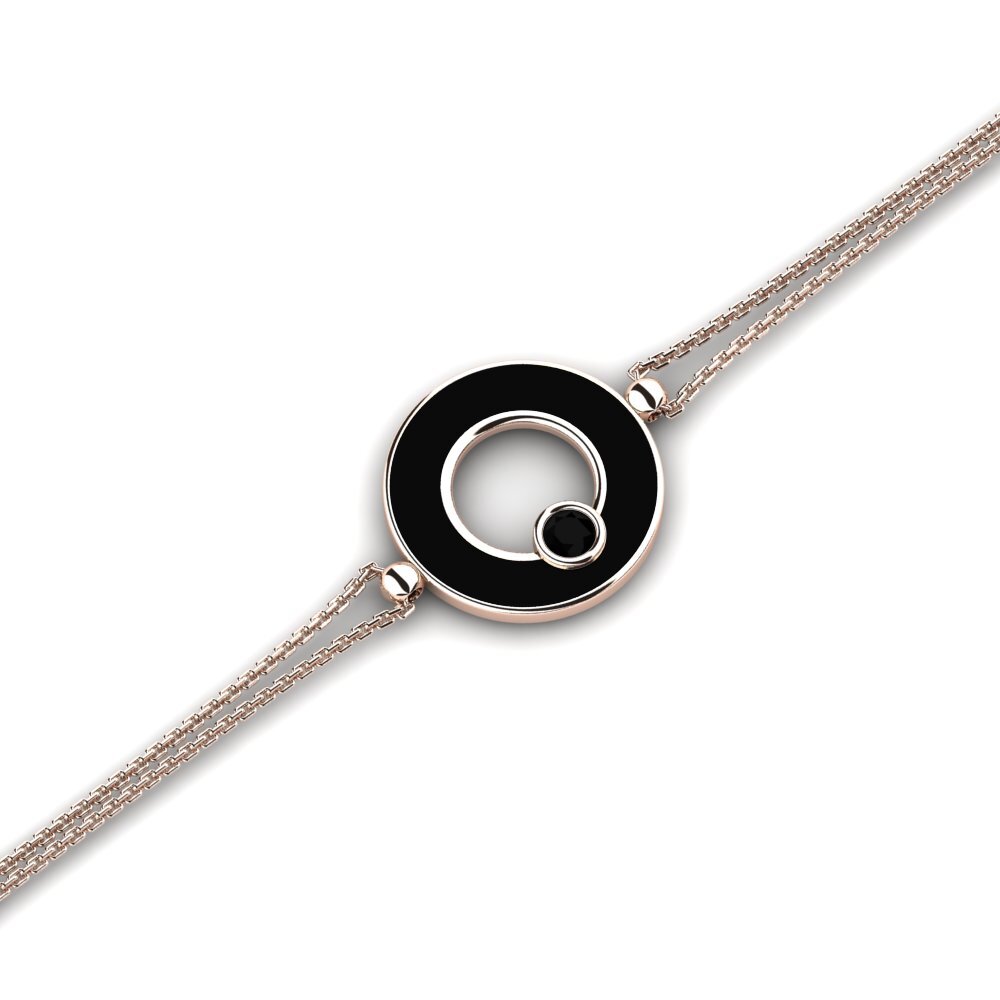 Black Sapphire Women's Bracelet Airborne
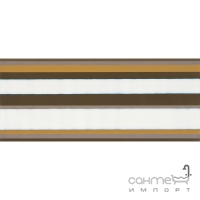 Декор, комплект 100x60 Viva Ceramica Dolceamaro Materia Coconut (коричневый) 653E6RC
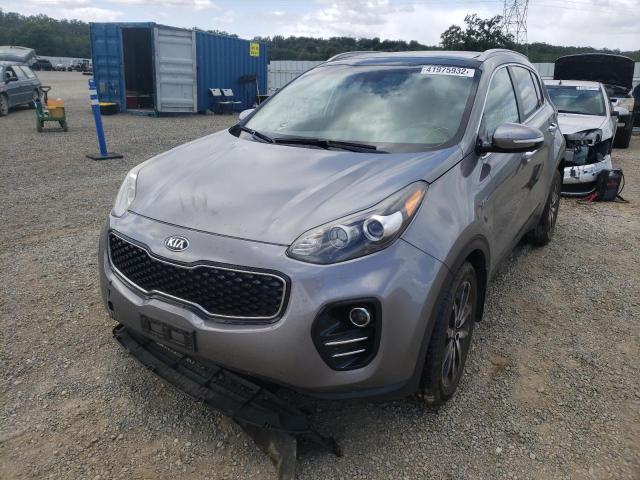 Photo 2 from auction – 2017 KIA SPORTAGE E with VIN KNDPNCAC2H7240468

◆ Aim of the task: With the pictures excluded, retype exactly the lines from the one containing "Декор, комплект 100x60" through the last line of the listing, both ends included.

◆ Answer to the problem:
 Декор, комплект 100x60 Viva Ceramica Dolceamaro Materia Coconut (коричневый) 653E6RC
 Photo 2 from auction – 2017 KIA SPORTAGE E with VIN KNDPNCAC2H7240468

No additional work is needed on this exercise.